So if the ACC’s membership is going to change, it’s more likely it will add, not subtract, schools. Partial member Notre Dame is the obvious choice, and the Irish are bound to the ACC, if they’re going to join a league. That’s a big if. Notre Dame values its independence and will probably be able to keep it. West Virginia and Cincinnati would be other logical expansion options.
If the ACC does nothing, FSU and Miami will see their financial gap grow compared to UF and the rest of the SEC. The ACC paid its schools $32 million in 2019-20. Compare that to the $45 million the SEC paid its schools, plus the massive raise it’s about to receive from a new ESPN deal, plus whatever boost comes from Texas and Oklahoma.
Like UF, the Seminoles and Hurricanes will have to compete more with Texas and Oklahoma for this state’s prized recruits. Unlike UF, neither Miami nor FSU would be able to take advantage of a bigger conference presence in Texas.
What happens to the Bulls and Knights depends largely on what happens to the rest of the Big 12.
If the Big 12 looks to expand, USF and UCF would be among the top Group of Five targets (along with Boise State, San Diego State, Cincinnati, Colorado State and BYU). If the Big 12 disbands — maybe Oklahoma State and Texas Tech leave for the Pac-12 — perhaps the Big 12 leftovers merge with the AAC.

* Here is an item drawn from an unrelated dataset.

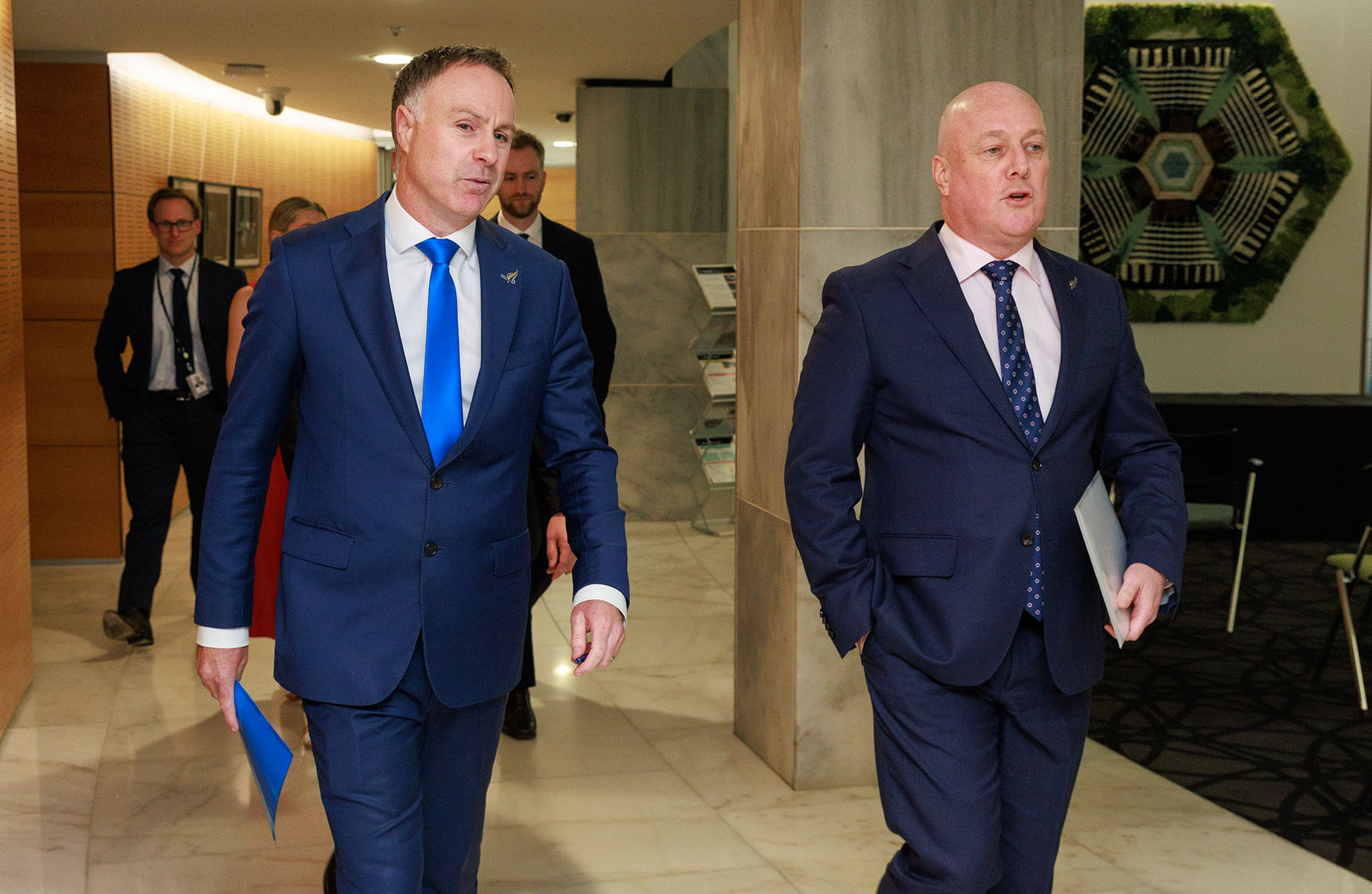 Prime Minister Christopher Luxon (right) and Local Government Minister Simon Watts walk into their press conference. Photo / Mark Mitchell 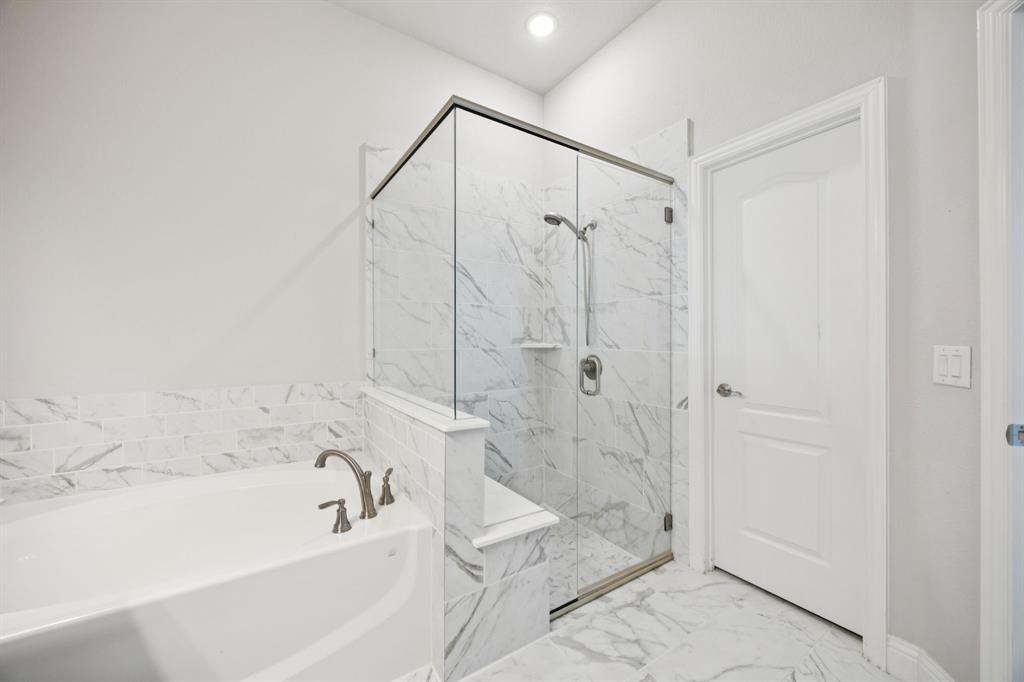 1036 Sandy Hill Burleson, TX 76028 - Photo 26 of 37 a bathroom with a bathtub and shower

It’s hard to see USF or UCF adding enough value for the Big Ten, and the Pac-12 becoming a coast-to-coast league doesn’t make much sense. The ACC already has two Florida teams, and any expansion talks there will center on Notre Dame.
Another complicating factor to consider: USF’s leadership is in flux as president Steve Currall prepares to step down Aug. 2. How much will that affect realignment, which is driven largely by school presidents and chancellors?